---- Data records

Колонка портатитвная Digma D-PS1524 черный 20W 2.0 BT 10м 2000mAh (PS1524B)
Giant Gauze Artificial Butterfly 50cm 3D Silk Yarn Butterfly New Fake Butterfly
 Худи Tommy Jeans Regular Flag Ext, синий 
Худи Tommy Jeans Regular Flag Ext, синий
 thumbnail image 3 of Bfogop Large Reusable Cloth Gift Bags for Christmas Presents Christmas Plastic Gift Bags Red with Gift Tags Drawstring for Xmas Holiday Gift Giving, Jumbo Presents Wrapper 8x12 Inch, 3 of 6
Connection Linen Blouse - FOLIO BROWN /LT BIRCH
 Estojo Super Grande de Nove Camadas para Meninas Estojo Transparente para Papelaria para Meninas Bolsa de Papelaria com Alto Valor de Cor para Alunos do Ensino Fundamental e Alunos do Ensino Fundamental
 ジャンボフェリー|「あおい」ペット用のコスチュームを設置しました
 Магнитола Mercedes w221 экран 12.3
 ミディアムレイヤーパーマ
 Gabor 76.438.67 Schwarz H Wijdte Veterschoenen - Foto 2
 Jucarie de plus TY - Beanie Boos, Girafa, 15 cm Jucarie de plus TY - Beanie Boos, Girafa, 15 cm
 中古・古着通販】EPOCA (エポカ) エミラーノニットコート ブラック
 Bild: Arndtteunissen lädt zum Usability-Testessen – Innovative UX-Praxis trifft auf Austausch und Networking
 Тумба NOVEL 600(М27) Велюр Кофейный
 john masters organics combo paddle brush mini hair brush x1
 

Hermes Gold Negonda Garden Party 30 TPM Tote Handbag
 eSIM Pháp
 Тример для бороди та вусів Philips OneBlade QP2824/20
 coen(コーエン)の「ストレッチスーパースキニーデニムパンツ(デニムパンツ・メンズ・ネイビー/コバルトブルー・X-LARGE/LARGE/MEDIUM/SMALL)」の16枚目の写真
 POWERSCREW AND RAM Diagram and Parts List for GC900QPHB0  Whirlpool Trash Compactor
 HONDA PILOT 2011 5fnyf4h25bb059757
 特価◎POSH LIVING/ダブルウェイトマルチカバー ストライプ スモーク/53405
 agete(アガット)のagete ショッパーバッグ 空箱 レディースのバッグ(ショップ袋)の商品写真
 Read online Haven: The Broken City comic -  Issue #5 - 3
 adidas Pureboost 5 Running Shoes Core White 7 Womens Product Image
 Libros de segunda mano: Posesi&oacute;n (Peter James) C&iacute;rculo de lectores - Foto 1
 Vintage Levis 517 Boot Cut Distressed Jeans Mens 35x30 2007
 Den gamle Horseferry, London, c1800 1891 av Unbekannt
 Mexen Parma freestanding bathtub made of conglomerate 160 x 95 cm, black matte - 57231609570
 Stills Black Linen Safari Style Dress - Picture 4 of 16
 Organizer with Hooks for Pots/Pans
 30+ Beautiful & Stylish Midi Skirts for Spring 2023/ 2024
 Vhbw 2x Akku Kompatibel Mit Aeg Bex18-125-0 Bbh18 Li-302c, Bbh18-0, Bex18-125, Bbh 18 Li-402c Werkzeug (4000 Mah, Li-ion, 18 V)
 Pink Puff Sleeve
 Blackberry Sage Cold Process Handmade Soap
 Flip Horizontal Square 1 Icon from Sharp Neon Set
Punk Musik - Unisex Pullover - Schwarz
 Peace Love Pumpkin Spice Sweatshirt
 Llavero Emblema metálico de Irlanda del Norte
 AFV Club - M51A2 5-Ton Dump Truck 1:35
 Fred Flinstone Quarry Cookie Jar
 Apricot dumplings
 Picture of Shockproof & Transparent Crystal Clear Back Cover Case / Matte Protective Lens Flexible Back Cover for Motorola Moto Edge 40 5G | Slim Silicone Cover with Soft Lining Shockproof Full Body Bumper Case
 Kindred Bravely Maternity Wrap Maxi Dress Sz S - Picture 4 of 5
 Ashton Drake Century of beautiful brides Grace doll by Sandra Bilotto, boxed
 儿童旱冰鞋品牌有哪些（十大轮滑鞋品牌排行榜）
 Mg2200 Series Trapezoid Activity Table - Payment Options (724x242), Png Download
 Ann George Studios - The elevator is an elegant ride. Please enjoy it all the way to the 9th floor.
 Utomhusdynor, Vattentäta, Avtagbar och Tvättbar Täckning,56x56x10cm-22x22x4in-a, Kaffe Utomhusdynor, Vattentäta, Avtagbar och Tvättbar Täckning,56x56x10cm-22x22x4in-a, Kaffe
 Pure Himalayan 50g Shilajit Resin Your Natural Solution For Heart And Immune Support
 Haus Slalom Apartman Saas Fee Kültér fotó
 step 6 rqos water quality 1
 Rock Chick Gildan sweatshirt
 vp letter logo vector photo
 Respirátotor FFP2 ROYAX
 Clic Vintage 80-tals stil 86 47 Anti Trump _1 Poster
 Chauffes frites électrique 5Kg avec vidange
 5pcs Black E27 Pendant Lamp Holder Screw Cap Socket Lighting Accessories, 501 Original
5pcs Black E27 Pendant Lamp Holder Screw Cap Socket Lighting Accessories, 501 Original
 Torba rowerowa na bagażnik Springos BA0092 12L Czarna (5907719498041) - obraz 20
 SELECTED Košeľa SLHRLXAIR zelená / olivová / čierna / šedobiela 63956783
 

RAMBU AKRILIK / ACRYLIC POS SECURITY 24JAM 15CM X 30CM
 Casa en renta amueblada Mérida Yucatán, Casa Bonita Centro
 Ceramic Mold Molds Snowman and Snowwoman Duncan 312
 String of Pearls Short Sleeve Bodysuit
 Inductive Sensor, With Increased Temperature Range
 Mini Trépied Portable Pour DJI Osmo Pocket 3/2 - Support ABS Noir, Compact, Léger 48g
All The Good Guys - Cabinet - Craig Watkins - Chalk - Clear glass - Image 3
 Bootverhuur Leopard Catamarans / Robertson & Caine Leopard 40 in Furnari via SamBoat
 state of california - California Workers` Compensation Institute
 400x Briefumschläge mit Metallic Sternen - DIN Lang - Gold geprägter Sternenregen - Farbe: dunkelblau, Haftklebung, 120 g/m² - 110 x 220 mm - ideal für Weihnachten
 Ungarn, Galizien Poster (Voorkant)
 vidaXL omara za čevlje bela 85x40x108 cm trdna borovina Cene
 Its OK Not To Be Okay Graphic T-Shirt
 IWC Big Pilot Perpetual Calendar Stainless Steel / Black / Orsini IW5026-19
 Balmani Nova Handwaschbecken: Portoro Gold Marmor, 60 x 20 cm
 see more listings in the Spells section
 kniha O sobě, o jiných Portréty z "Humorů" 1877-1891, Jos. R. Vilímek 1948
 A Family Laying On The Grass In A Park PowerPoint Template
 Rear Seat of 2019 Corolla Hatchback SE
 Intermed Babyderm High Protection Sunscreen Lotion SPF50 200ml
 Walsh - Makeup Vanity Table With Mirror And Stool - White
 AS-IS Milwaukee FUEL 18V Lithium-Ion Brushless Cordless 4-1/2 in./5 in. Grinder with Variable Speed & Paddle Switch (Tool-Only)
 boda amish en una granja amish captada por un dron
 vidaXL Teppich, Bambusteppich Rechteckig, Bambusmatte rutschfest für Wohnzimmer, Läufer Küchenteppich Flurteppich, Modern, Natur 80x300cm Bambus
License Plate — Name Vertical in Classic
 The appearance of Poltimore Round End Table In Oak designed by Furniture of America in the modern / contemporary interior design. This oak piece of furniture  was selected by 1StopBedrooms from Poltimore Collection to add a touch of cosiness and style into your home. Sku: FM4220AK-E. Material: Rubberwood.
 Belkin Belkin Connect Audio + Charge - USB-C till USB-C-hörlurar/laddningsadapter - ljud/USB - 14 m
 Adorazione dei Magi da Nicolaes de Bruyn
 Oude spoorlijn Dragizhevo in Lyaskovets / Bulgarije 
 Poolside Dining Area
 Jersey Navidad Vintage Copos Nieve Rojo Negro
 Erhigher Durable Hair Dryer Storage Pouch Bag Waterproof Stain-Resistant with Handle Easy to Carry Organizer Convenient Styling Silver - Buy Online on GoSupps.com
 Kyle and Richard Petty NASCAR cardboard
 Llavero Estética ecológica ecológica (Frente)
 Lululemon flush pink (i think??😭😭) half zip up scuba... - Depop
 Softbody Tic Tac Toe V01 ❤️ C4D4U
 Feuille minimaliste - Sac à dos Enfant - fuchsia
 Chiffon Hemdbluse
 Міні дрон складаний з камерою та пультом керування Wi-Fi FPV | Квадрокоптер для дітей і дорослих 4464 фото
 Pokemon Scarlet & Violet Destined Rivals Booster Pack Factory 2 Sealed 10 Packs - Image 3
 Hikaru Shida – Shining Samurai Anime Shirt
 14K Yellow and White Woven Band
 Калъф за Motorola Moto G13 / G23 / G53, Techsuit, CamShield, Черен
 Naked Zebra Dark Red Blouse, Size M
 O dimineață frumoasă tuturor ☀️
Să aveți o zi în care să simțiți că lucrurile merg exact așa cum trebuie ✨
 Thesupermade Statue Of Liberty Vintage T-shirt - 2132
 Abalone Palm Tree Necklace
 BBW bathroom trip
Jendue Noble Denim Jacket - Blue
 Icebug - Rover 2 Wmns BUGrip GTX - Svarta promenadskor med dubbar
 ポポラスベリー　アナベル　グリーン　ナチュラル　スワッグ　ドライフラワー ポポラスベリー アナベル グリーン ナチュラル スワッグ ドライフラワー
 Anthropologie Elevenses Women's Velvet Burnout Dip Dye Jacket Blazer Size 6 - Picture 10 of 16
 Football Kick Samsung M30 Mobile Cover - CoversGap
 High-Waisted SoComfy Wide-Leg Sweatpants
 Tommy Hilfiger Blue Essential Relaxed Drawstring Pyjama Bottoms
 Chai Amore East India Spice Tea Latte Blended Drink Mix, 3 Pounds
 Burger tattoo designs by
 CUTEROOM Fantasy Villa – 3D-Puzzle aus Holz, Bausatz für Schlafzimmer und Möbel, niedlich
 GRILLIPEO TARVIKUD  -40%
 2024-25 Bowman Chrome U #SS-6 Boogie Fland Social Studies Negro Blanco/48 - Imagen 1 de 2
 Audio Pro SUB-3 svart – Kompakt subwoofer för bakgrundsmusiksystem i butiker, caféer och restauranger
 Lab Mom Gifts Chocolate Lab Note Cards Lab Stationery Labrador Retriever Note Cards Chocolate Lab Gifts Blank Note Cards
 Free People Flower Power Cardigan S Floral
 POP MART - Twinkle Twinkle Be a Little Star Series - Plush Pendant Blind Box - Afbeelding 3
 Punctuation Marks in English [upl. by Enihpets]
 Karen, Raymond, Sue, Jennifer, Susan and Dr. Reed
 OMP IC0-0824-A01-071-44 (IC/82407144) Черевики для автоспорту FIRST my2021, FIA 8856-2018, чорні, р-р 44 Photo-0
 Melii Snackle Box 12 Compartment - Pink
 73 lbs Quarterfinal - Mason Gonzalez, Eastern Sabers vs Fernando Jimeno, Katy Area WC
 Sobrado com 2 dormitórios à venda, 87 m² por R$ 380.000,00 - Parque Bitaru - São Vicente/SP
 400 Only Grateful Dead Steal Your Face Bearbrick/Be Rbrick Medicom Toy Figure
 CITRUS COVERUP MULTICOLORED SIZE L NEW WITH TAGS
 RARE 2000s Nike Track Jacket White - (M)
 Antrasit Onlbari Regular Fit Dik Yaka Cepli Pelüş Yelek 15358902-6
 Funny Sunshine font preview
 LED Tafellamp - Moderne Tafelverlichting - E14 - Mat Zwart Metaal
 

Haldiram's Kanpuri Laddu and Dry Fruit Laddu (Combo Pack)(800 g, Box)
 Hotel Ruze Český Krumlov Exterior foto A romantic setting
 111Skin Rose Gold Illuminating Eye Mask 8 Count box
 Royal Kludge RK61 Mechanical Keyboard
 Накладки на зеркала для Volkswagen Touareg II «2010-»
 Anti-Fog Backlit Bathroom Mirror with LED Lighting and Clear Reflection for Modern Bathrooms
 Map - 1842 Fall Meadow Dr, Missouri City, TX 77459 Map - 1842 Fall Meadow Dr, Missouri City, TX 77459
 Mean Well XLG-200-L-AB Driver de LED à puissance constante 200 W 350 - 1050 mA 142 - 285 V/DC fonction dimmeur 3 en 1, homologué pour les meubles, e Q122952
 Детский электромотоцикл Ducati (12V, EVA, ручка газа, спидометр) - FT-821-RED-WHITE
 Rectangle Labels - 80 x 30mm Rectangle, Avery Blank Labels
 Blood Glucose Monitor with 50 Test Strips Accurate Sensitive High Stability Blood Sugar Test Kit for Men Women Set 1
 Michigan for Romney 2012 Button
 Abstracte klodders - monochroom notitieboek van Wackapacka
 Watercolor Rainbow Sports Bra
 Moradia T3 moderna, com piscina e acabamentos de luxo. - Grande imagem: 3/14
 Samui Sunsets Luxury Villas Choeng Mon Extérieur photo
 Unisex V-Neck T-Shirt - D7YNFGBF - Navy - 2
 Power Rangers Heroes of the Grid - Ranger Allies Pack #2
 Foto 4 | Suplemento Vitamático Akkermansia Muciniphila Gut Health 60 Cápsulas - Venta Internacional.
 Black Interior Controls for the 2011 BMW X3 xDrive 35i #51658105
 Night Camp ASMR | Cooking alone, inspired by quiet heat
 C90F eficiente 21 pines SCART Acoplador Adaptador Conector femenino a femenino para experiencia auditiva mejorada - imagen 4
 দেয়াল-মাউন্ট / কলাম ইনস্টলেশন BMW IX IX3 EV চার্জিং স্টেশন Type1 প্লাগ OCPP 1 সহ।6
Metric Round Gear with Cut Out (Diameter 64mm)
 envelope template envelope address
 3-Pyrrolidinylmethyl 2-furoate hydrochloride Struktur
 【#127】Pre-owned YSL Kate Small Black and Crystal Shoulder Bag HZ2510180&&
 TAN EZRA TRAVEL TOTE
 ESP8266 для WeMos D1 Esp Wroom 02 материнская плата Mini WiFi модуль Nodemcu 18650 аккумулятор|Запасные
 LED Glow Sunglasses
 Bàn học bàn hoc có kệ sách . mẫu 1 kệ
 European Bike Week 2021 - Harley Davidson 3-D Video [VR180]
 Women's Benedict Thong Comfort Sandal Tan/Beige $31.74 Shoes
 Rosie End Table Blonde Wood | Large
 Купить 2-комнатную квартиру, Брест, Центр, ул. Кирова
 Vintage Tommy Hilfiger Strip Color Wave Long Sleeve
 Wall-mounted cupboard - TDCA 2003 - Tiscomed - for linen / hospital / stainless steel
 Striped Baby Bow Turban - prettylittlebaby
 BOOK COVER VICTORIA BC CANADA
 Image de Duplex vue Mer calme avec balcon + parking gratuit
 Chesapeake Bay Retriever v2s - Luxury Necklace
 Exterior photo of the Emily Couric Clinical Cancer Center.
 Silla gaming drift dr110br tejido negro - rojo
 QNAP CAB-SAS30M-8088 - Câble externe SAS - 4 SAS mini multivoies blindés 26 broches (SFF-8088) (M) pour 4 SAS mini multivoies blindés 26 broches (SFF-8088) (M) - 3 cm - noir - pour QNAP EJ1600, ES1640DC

--------

**Task description:** Count every line of the records that holds the string "Spice". Write only the total.

**Exercise answer:** 2